I have started to work as a Site Reliability Engineer more than two years ago as first hired SRE at InfluxData. I survived and learned to all the eras that every company that onboard a new position live:
- Lack of knowledge about what the job role means
- Adjustment
- Growth
- Re-adjustment
- Repeat
You are an SRE not because you care about reliability, everybody cares about reliability but because the system is too complex to be driven by a person that also does other things.
There are no differences with any other “first hired” in a company. Even the first project manager gets hired when the person who was doing that job can’t make it anymore because the company needs somebody 100% focused on the product.
The Site Reliability Engineer as a role should improve service reliability. Visibility, observability, logging, scalability, instrumentation are all areas when it should step to serve better tooling to troubleshoot, identify issues. Because as we all know, even not that complex distributed system are difficult to debug, this complexity is caused by what it is called partial failure. The idea that a distributed system will never fail drastically alltogheter, but it is continuously in a condition of failure mitigated by re-try policies and or redundancy.
The ability to acknowledge a problem before it will get reported by a customer improves reliability.
It is not a responsibility for the Site Reliability Engineer to fix the actual bug in the service, it can. For all those reasons the SRE knows how to code, and it should modify the application, and it needs to be close to the team that builds the service, just as every heterogeneous group has who takes care about the design, UI, deploy, management.
are they the unique people on-call?
Obviously no. It’s hard to reach a scale where you can manage a sustainable rotation only with SREs, and every developer is responsible for the code it ships. If you managed to have a rotation for every service with different people, all of the teammates should be on-call.
The SREs other than being part of the rotation is the person responsible for the MTTR (mean time to repair) and the number of false positive. The Site Reliability Engineer needs to be able to make the MTTR as short as possible, and the number of false positive as low as it can.

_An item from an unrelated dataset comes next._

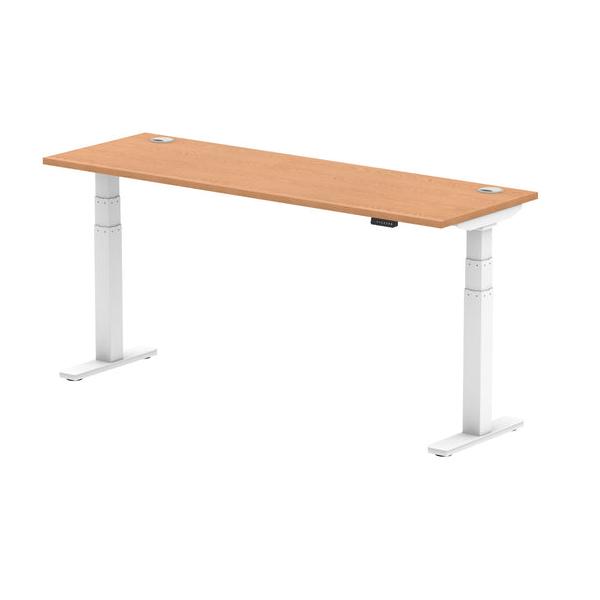 Dynamic Air Slimline Colore Quercia, Bianco (dynamic Air 1800 X 600mm Height Adjustable Desk Oak Top Cable Ports White Leg Ha01160 Dd)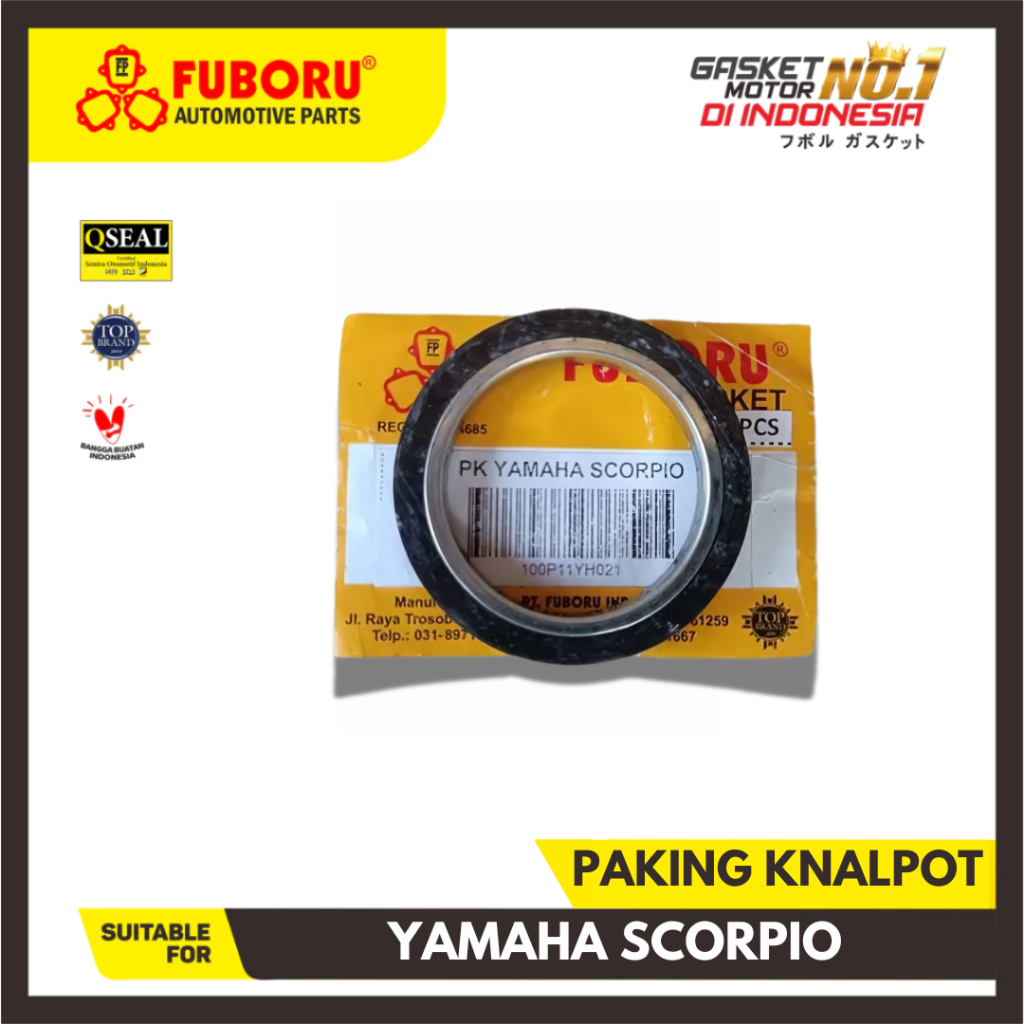 PAKING KNALPOT YAMAHA SCORPIO PERPAK GASKET KNALPOT ATAS FUBORU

They should improve how the service is monitored, instrumented, and easy to debug.
do I need an SRE in every service team?
It is hard to quantify a number, but the SREs needs to have a structure that gives them time to hang out together and to see each other as a unique team as well to share knowledge and to avoid the use of too many technologies across the company. Even more, if the company is not at a gigantic scale in term of the number of people. The amount of SREs per team depends on now crucial, and complex reliability for the service is, how big the service team is. You can share SREs with organizations and services if they are not too big or too complicated or if the unit itself has excellent reliability skills embedded in.
What SRE is not
SRE does not replace your ops team; it is not a person with DevOps skills that knows containers and Kubernetes. It knows cloud, containers, and kubernetes because it is a pretty new “unicorn” role.
It is a side effect of being a coder that loves to see its code running smoothly under real load.